27th September 2017
Are you guilty of not picking up your pet’s poo?
Our new survey has discovered that one in four Brits refuse to pick up their pet’s waste, with Gloucester being revealed as the UK’s worst for cleaning up after their pets.
Just under half (47%) of the respondents from South West city have claimed that they don’t bother cleaning up their pet’s mess – whilst escaping a fine at the same time.
Former dog poo hotspot Coventry (42%) and Oxford (42%) follow Gloucester as the most common place you’d spot discarded pet mess.
Wrexham was revealed to be the dog poo capital of the UK, with the average resident spotting six dog poos a day, with those penalised facing a staggering £450 fine on average.
In regard to those being fined for not picking up pet poo, Leeds heads the way, with 27% of pet owners being penalised for neglecting pet mess. Leeds residents are followed by those in Coventry (25%) and Wrexham (20%) who’ve been revealed to be the cities with the most pet poo fines.
In fact, our survey discovered that the average British pet owner is fined £262 for fleeing the scene of the crime.
However, a new law is threatening to affect a tenth of pet owners – that’s 850,000 people – with hefty fines being imposed.
The law, which was recently launched in Kent, is ensuring that dog owners must walk their pet with two waste bags on hand, if not they’ll face an £80 fine on the spot.

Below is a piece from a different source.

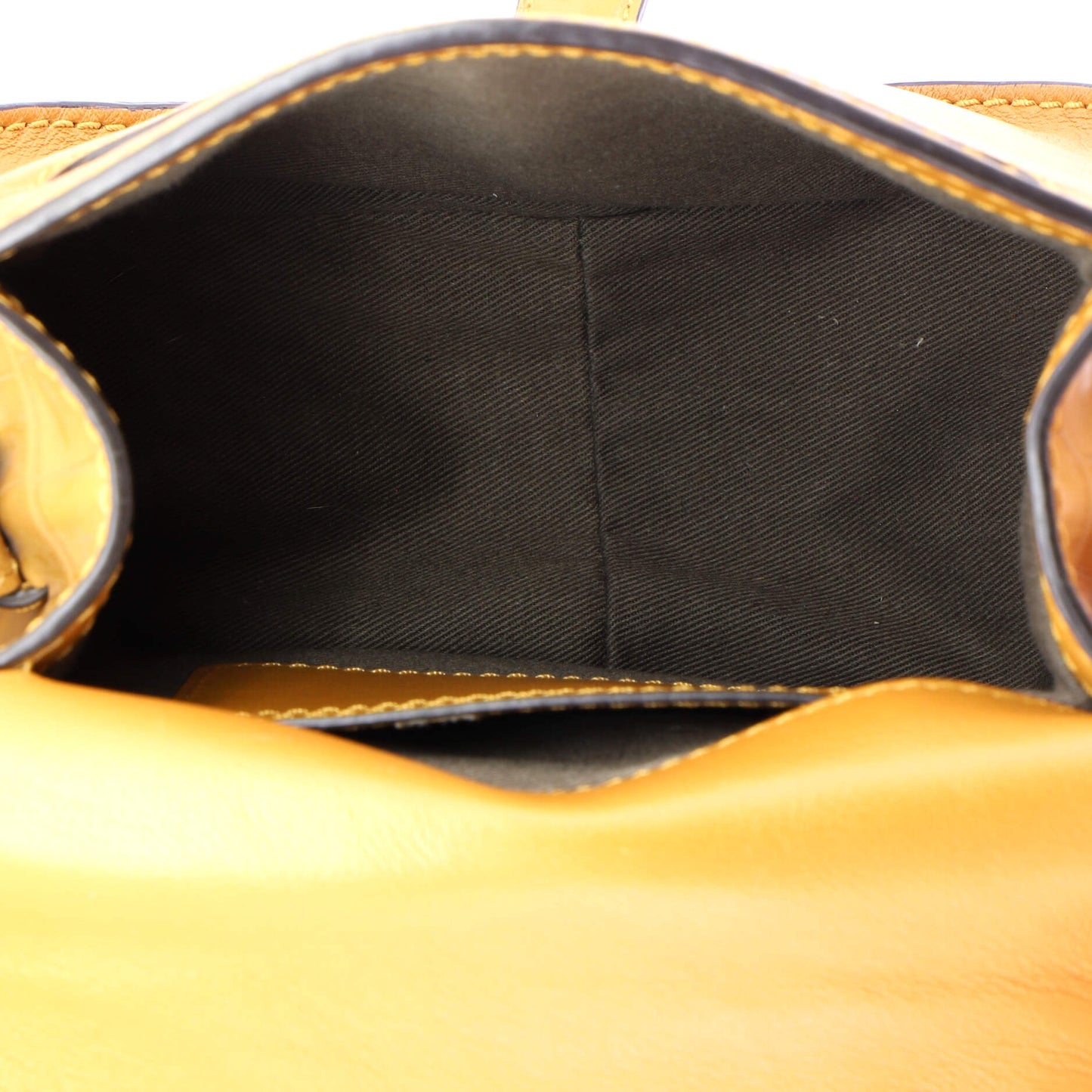 STRAPSTORY CROSSBODY BAG - 1402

That fine will be upgraded to £1000 if the owners refuse to pay their initial fines.
Taking into account that the average pet relieves themselves of waste three times a day, this means that on average there are at least 25.5 million bowel movements a day from UK based pets.
The new laws are being well received by 57% of Brits, with a fifth of UK residents standing in pet poo at least once in the past year.

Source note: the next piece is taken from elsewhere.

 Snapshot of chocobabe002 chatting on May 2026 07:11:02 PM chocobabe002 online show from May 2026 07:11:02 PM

8% of owners stated that they’ve escaped fines regarding current legislation regarding dog fouling in public.
However, the news has had a positive effect on most pet owners, with the average respondent claiming to carry three waste bags per walk.
Some take their commitment to keeping the streets clean to a whole new level, with just under a quarter (24%) claiming to have cleaned up the poo of a pet they don’t even own.
Each year, Ribble Valley Borough Council claim that they receive over 200 complaints regarding pet mess, spending £30,000 to dispose of it. Sheffield Council on the other hand received 1,398 complaints regarding pet poo in 2016-2017.
We believe that it’s very important for owners to take responsibility for their pet’s mess, as leaving it can lead to health hazards such as toxocariasis.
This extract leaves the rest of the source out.